Time Limit:1000MS Memory Limit:262144KB 64bit IO Format:%lld & %llu
Description
Now ,there are some rectangles. The area of these rectangles is 1* x or 2 * x ,and now you need find a big enough rectangle( 2 * m) so that you can put all rectangles into it(these rectangles can't rotate). please calculate the minimum m satisfy the condition.
Input
There are some tests ,the first line give you the test number.

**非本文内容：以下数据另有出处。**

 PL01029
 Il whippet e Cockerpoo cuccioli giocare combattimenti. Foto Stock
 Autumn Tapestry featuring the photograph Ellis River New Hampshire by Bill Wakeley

Each test will give you a number n (1<=n<=100)show the rectangles number .The following n rows , each row will give you tow number a and b. (a = 1 or 2 , 1<=b<=100).
Output
Each test you will output the minimum number m to fill all these rectangles.
Sample Input
2
3
1 2
2 2
2 3
3
1 2
1 2
1 3
Sample Output
7
4
【分析】
- 大致题意是往一个2*m的矩形填1*x和2*y的矩形,求m的最小值。
- 其实我也不知道用什么方法啦,但是感觉会和背包有一点点关系,就试着用了一下。可能题练少了题感太弱了吧┭┮
- 01背包,一次只拿一个,套模板转换方程。要注意的是,如果a是2的话就只能平铺依次相加。但如果a是1的话,就要横着放,那么两个矩形就可以放两行,这里用01背包进行转换。所以容量sum=sum/2;sum一开始是a为1的时候b的值累加,之后就拿此sum除以2就好
#include<bits/stdc++.h>
using namespace std;
const int maxn=105;
int c[maxn];//各个长方形的长度------各个背包的重量
int dp[10005];
int main()
{
int t;
scanf("%d",&t);
while(t--)
{
int n,a,b,ans=0,sum=0,end=0;
scanf("%d",&n);
for(int i=0;i<n;i++)
{
scanf("%d%d",&a,&b);
if(a==2)ans+=b;
else {
c[end++]=b;
sum+=b;//cout<<"sum="<<sum<<endl;
}
}
memset(dp,0,sizeof(dp));
for(int i=0;i<end;i++)
for(int j=sum/2;j>=c[i];j--)
dp[j]=max(dp[j],dp[j-c[i]]+c[i]);
ans+=sum-dp[sum/2];
cout<<ans<<endl;
}
}